Still a lot to be proud of

Despite a painful near-miss, Robison wasn’t far off the winning pattern, and he figured out a lot of the best things to be doing on Table Rock for the week. That, strategy aside, is a big part of tournament fishing.
“I love Table Rock; it’s very versatile and it seems very patternable,” he said. “It seems like when you get on a deal, you can stay on a deal.”
After trying unsuccessfully to ‘Scope fish on bait early on Day 1, Robison pivoted and put up four smallmouth in about 15 minutes.
“I just started running isolated stumps in 8 to 20 foot of water, throwing that CAST Fishing Co. Nova on a Ned rig, a shaky head and a Berkley Lab Series Minnow. I was just picking those fish off. If they wouldn’t bite first cast, I would roll on, because I had about 50 of them marked. I ran that deal the whole first period.”
After that, with his forward-facing sonar cut off, Robison transitioned to a cool largemouth pattern, fishing for spawning bass that he located on the fly.
“I was fishing 45-degree banks – areas I could make one cast with a bait that had significant draw power and cover the whole spawning column,” he explained. “So, I was running banks that I could have that coverage on, doing some sight fishing, but most of it was just blind casting and keeping an eye on my bait.
“I’d use something to pull them to the boat, and then break them down from there,” he said. “It’s a cool deal. I did it on Norfork freshman year in a college tournament, and I’ll be honest, in practice one day I had like 30 scorables doing it.”
Unfortunately, the pattern also showed Robison that he’d made another slight misstep.
“I thought I was really going to smash them,” he said. “But, the area of the lake I was in, I think they were finishing up spawning, rather than the area everyone else was, where the fish were getting in the heat of the spawn. By the tournament, a lot of my fish were turning into fry-guarders or making their way out.
“Day 2, I went the whole second period and only had one bass,” he said. “The last period, I started getting on transition banks and gizzard spawn areas, and that’s where I caught my last couple fish.”
It would have been easy for Robison to miss the adjustment on Day 2 and go down with the ship. Instead, he hung in there, putting the heat on the competition and finishing ahead of several seasoned pros.
All told, it was another big success for Robison and Montevallo angling.

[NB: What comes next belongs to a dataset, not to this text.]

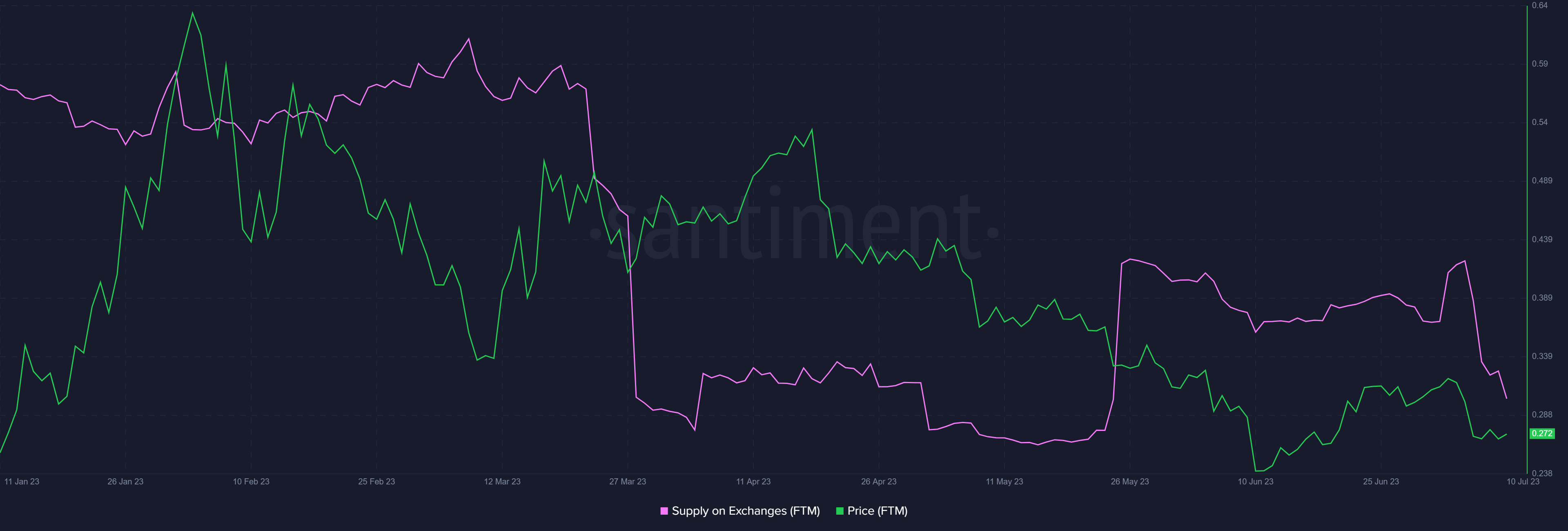 Fantom supply on exchanges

“The whole thing was really special,” he said. “It’s a different feeling, blasting off next to all my heroes. And even being in the boat yard around those guys, it’s crazy. And that format, I had no idea how strenuous that was. I mean it – I’ve never fished that hard in my life. Props to those guys for doing it day in, day out, especially those guys like Jacob Wheeler and Drew Gill and Dustin Connell, who absolutely catch ‘em every time – that is insane. It was a super cool experience, and I’m very grateful to finish that high.”